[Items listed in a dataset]
>>

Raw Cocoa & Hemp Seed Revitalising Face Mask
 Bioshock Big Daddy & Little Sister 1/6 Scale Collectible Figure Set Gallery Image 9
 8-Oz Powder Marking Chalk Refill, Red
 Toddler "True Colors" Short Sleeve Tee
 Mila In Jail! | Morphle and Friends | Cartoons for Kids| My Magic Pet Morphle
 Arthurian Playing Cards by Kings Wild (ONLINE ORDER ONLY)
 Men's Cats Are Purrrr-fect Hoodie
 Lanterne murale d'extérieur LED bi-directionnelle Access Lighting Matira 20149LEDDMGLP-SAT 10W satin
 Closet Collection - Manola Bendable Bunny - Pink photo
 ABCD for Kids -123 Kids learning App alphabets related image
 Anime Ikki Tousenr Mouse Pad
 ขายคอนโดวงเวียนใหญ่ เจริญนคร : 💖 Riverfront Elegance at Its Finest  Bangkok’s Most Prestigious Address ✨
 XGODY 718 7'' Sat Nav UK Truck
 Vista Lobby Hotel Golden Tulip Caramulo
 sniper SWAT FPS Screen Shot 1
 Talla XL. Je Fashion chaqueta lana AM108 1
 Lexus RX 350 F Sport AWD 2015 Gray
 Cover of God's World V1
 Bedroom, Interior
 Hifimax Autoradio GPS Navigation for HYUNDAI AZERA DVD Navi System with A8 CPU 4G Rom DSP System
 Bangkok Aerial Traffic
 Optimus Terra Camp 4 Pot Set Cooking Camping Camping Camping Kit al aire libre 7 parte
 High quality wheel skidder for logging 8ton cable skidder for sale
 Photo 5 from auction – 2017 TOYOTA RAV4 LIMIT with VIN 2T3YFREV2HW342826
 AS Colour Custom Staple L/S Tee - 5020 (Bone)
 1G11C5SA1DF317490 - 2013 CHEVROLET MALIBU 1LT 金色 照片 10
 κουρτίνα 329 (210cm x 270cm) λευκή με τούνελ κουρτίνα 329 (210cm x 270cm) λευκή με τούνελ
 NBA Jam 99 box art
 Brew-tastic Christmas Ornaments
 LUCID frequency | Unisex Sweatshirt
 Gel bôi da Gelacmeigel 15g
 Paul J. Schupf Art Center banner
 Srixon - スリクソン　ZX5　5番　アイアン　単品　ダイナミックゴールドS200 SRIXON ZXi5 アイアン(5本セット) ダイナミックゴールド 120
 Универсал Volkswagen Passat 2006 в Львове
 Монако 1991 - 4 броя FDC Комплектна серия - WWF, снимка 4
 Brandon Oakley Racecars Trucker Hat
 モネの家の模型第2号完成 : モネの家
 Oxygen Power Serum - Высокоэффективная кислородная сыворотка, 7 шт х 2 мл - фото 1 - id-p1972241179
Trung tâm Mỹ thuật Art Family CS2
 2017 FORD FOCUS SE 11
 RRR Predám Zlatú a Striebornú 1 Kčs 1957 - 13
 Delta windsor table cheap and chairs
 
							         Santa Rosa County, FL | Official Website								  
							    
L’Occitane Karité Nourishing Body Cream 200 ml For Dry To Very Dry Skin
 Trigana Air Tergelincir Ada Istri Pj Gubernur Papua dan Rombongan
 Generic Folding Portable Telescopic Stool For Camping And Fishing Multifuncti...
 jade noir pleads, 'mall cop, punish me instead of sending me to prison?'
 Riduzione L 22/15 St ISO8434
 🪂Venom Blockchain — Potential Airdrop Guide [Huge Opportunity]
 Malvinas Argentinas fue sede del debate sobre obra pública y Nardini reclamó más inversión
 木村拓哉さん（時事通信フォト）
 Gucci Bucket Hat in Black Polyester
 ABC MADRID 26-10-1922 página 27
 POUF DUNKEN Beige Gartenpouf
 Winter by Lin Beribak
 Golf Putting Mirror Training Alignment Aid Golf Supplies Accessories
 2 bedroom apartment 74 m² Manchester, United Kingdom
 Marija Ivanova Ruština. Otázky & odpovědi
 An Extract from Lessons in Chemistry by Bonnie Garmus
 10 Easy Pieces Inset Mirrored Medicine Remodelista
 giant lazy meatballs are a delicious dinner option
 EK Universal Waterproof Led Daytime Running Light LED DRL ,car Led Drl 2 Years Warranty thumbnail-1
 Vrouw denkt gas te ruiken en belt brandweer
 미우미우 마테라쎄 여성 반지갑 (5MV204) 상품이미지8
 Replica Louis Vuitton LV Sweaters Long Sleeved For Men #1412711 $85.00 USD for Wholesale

<<

[AIM OF THE TASK]
Count how many lines of the entries contain the word "from", and respond with that count only.

[WRITTEN REPLY]
2